Argh, I was looking at this a few weeks ago when it was dipping below $2 on a gap fill and really liking the tech, thought about a small position, forgot about it and next its hitting 2.80!!


----------



## JTLP (22 January 2018)

Might be lucky not to have gotten in. Seems that the lack of substance on announcements coupled with failing to update on material changes will come back and bite them.


----------



## satanoperca (25 January 2018)

Suspended on the ASX, just read.

Market cap of $550M and revenues of $340K, how does it get this market evaluation.


----------



## Cam019 (19 February 2018)

GSW to recommence trading this morning. It's going to be a bloodbath.


----------



## Cam019 (19 February 2018)

GSW gapping down over 66% on this mornings open.


----------



## greggles (19 February 2018)

Cam019 said:


> GSW gapping down over 66% on this mornings open.

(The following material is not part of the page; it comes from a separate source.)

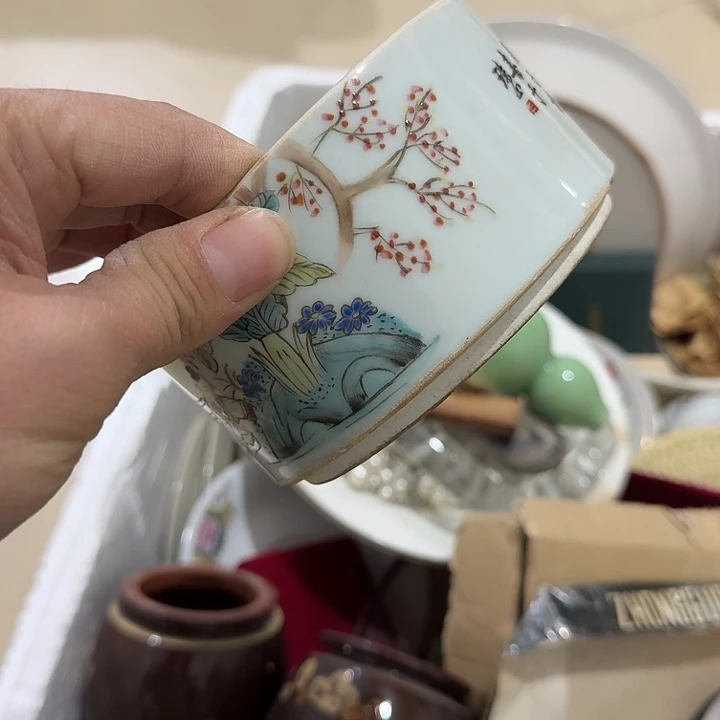 艳***红扇子吃瓜哥哥哈哈哈姐姐帮你你宝贝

It's bounced back from 98c to $1.44. An almost 50% return in 10 minutes isn't bad. Some brave traders making good money out there this morning no doubt.


----------



## galumay (19 February 2018)

Its like an out of control train with a dead driver at the wheel and no deadmans switch! Dont stand on the tracks, folks!!


----------



## satanoperca (21 February 2018)

galumay said:


> Its like an out of control train with a dead driver at the wheel and no deadmans switch! Dont stand on the tracks, folks!!




Down 40% today to $0.56, going to under $0.15 within weeks. The damage is done, don't lie to the markets.


----------



## greggles (21 February 2018)

satanoperca said:


> Down 40% today to $0.56, going to under $0.15 within weeks. The damage is done, don't lie to the markets.




$4.38 to 51c in just two and a half months is scandalous. I can smell a class action over this. Holders must be absolutely furious.


----------



## galumay (21 February 2018)

greggles said:


> Holders must be absolutely furious.




Most hodlers have only themselves to blame. This was never an investible business IMO.


----------



## JTLP (21 February 2018)

greggles said:


> $4.38 to 51c in just two and a half months is scandalous. I can smell a class action over this. Holders must be absolutely furious.
> 
> View attachment 86348




Not just 1 class action, if you read the papers it could be up to 3!

Shame on institutional investors backing this at $4 in the placement and not doing the due diligence on the numbers.


----------



## greggles (22 February 2019)

*ASIC commences civil penalty proceedings against GetSwift Limited and its directors Bane Hunter and Joel Macdonald*

https://asic.gov.au/about-asic/news...its-directors-bane-hunter-and-joel-macdonald/



> ASIC’s case relates to a series of ASX announcements made by GetSwift (ASX code: GSW) between February and December 2017 relating to agreements with clients for the use of the company’s software-as-a-service (or SaaS) platform.
> 
> ASIC alleges that GetSwift made representations in a series of ASX announcements relating to client agreements, between February 2017 and December 2017 that were misleading and that it failed to notify the ASX of material information in relation to these client agreements.
> 
> Further, ASIC contends that Mr Hunter and Mr Macdonald were either involved in the failure of GetSwift to meet its obligations and failed to discharge their duties to GetSwift with the requisite degree of care and diligence that a reasonable person in their respective positions would exercise.


----------



## bigdog (29 July 2019)

Motley Fool reports
https://au.finance.yahoo.com/news/getswift-shares-stuck-rut-legal-053544687.html

*GetSwift shares stuck in a rut on legal headaches*
Tom Richardson
Motley Fool 29 July 2019

Getswift Ltd (ASX: GSW) saw its share price rise 2% or 0.5 cent to 24 cents after it posted its financial results for the quarter ending June 30, 2019.&nbsp;" data-reactid="18">This morning controversial software company *Getswift Ltd* (ASX: GSW) saw its share price rise 2% or 0.5 cent to 24 cents after it posted its financial results for the quarter ending June 30, 2019.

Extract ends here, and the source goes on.